- **RECORDS FOR THIS TASK**:
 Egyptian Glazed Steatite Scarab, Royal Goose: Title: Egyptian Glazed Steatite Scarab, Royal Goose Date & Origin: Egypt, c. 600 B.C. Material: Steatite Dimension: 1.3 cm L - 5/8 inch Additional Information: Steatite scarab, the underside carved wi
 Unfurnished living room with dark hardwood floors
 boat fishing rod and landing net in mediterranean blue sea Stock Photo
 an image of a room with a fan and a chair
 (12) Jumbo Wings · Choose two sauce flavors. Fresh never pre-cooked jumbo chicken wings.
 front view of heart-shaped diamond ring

...

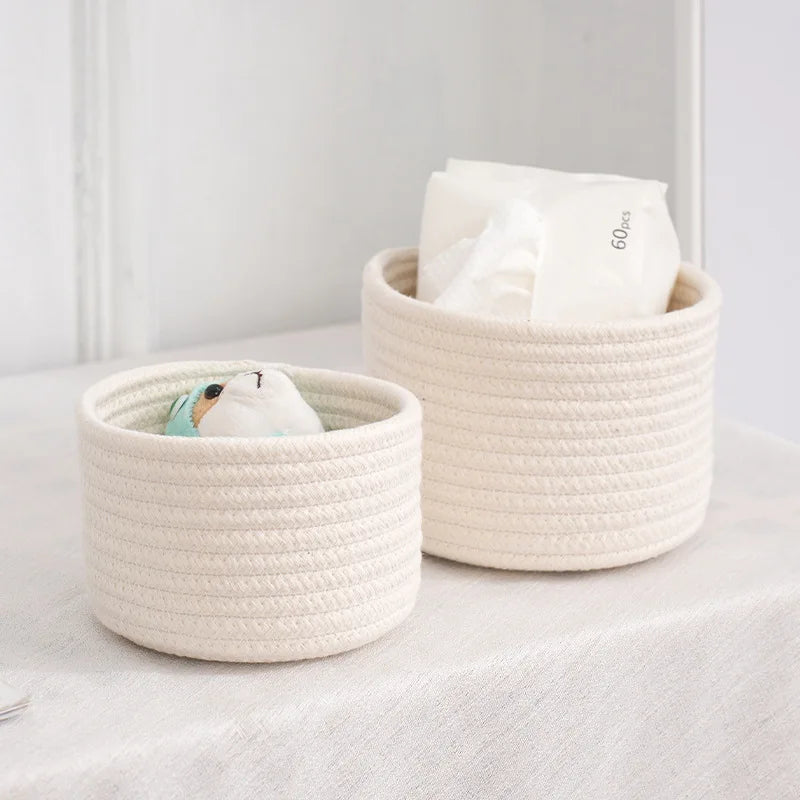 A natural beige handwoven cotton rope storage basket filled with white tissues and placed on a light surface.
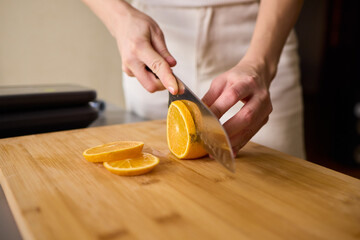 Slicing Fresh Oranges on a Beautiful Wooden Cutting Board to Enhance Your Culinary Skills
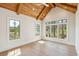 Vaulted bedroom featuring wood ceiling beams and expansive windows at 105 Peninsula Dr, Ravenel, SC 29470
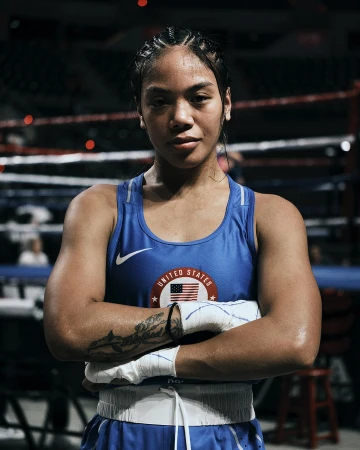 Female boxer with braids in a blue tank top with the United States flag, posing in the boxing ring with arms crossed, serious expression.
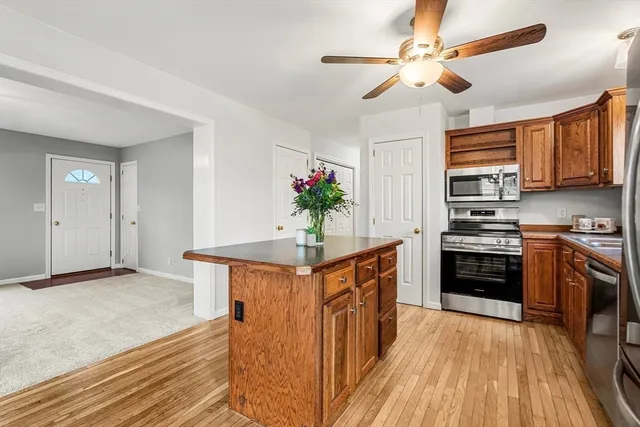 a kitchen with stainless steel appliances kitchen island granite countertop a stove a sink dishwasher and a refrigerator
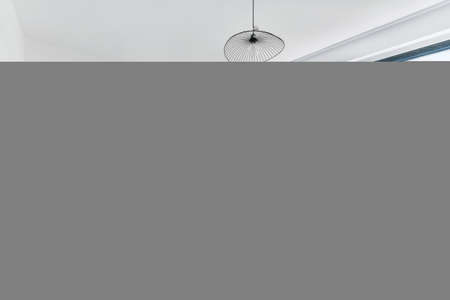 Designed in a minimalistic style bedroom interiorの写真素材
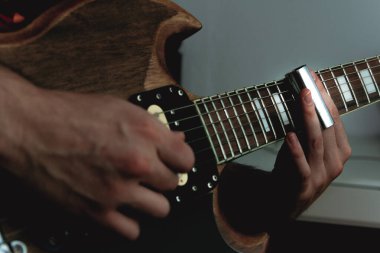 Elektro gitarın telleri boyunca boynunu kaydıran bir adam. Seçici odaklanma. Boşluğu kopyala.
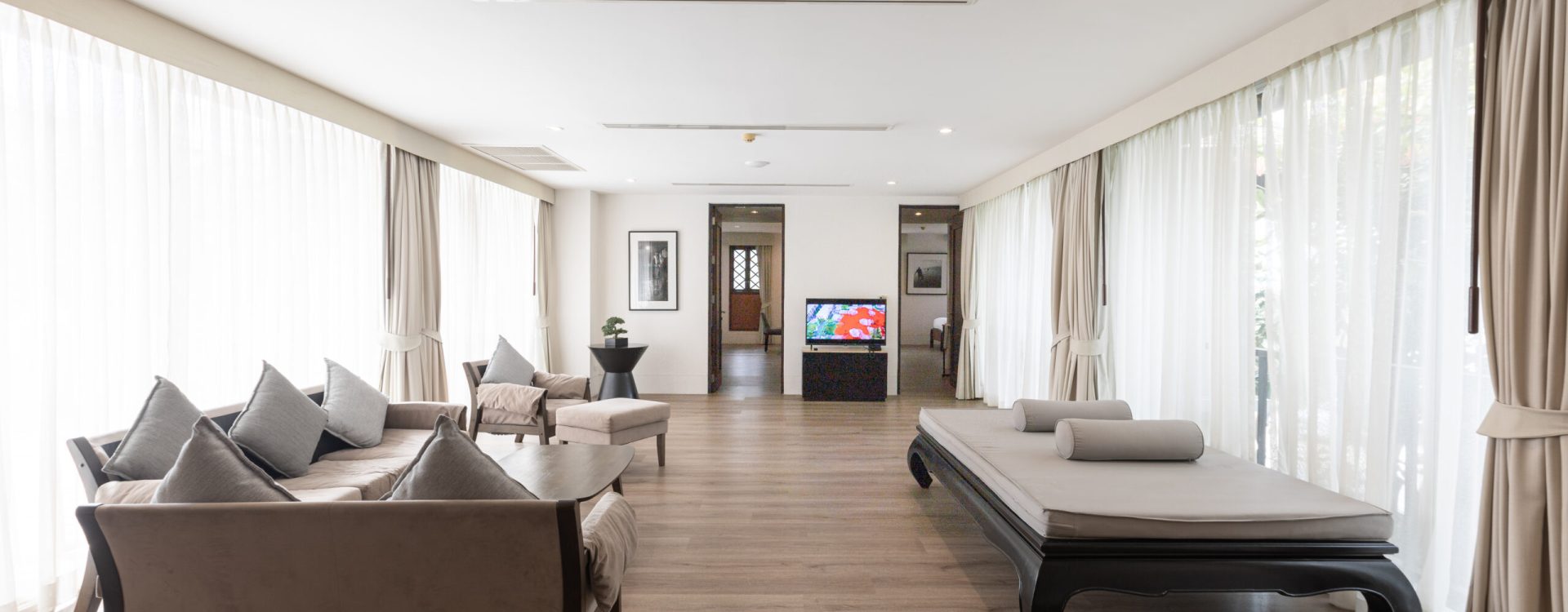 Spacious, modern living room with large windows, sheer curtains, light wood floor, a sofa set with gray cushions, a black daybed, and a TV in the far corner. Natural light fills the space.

---

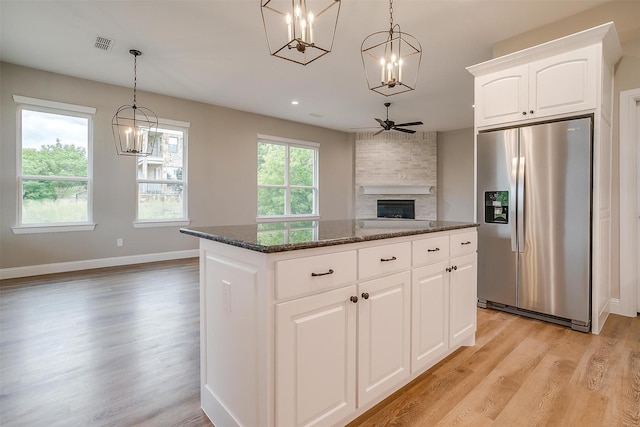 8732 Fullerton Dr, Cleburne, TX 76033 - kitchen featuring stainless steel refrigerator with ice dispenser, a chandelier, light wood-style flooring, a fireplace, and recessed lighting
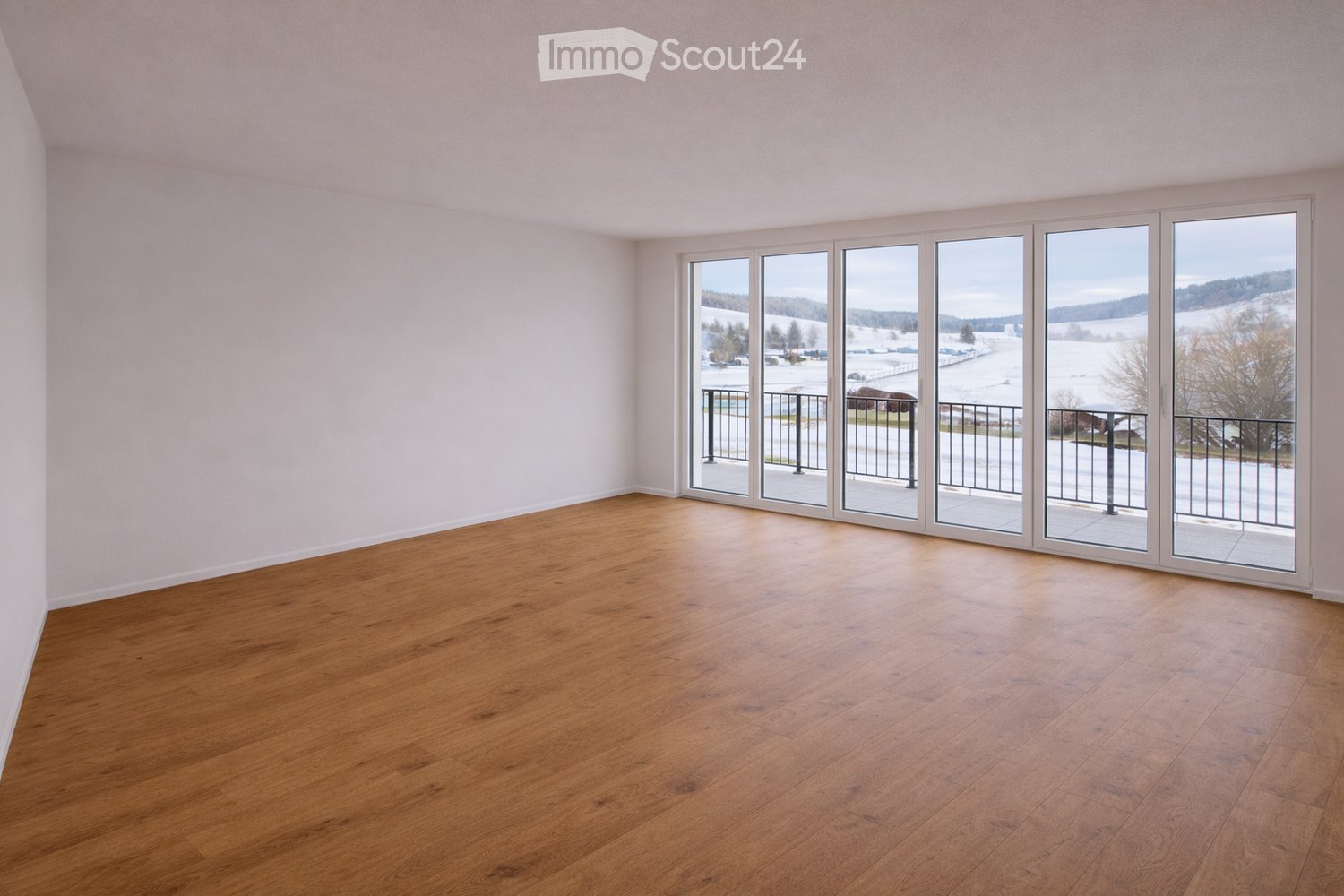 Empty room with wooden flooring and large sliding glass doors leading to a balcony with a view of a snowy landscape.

- **WHAT TO PRODUCE**: To complete this exercise, transcribe exactly the lines above from the one that holds "a kitchen with" through the one that holds "Spacious, modern living". Pictures stay out.

- **SOLUTION TO THE EXERCISE**:
 a kitchen with stainless steel appliances kitchen island granite countertop a stove a sink dishwasher and a refrigerator
 Designed in a minimalistic style bedroom interiorの写真素材
 Elektro gitarın telleri boyunca boynunu kaydıran bir adam. Seçici odaklanma. Boşluğu kopyala.
 Spacious, modern living room with large windows, sheer curtains, light wood floor, a sofa set with gray cushions, a black daybed, and a TV in the far corner. Natural light fills the space.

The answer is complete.